#### WORK INSTRUCTIONS:
If a line appears in the data below, it must appear in your answer exactly as given.

#### DATA EXTRACT:
•••••
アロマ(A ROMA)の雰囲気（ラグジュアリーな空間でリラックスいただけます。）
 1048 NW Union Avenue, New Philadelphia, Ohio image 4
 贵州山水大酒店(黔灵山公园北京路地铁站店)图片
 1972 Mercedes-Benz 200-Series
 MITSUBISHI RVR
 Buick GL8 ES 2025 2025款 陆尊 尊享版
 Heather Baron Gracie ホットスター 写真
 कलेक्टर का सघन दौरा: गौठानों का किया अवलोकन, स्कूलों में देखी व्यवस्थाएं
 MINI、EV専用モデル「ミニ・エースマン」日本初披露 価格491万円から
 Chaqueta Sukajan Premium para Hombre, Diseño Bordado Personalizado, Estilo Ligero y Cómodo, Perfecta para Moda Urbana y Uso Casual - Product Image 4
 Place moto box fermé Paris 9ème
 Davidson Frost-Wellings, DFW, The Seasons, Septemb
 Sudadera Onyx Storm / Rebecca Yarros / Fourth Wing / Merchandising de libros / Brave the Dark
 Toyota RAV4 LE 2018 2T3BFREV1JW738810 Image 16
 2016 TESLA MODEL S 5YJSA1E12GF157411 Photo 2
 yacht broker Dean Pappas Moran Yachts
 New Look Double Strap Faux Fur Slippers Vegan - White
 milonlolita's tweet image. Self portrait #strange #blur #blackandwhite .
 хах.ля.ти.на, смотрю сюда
•••••
#### FINISHED TASK:
アロマ(A ROMA)の雰囲気（ラグジュアリーな空間でリラックスいただけます。）
 1048 NW Union Avenue, New Philadelphia, Ohio image 4
 贵州山水大酒店(黔灵山公园北京路地铁站店)图片
 1972 Mercedes-Benz 200-Series
 MITSUBISHI RVR
 Buick GL8 ES 2025 2025款 陆尊 尊享版
 Heather Baron Gracie ホットスター 写真
 कलेक्टर का सघन दौरा: गौठानों का किया अवलोकन, स्कूलों में देखी व्यवस्थाएं
 MINI、EV専用モデル「ミニ・エースマン」日本初披露 価格491万円から
 Chaqueta Sukajan Premium para Hombre, Diseño Bordado Personalizado, Estilo Ligero y Cómodo, Perfecta para Moda Urbana y Uso Casual - Product Image 4
 Place moto box fermé Paris 9ème
 Davidson Frost-Wellings, DFW, The Seasons, Septemb
 Sudadera Onyx Storm / Rebecca Yarros / Fourth Wing / Merchandising de libros / Brave the Dark
 Toyota RAV4 LE 2018 2T3BFREV1JW738810 Image 16
 2016 TESLA MODEL S 5YJSA1E12GF157411 Photo 2
 yacht broker Dean Pappas Moran Yachts
 New Look Double Strap Faux Fur Slippers Vegan - White
 milonlolita's tweet image. Self portrait #strange #blur #blackandwhite .
 хах.ля.ти.на, смотрю сюда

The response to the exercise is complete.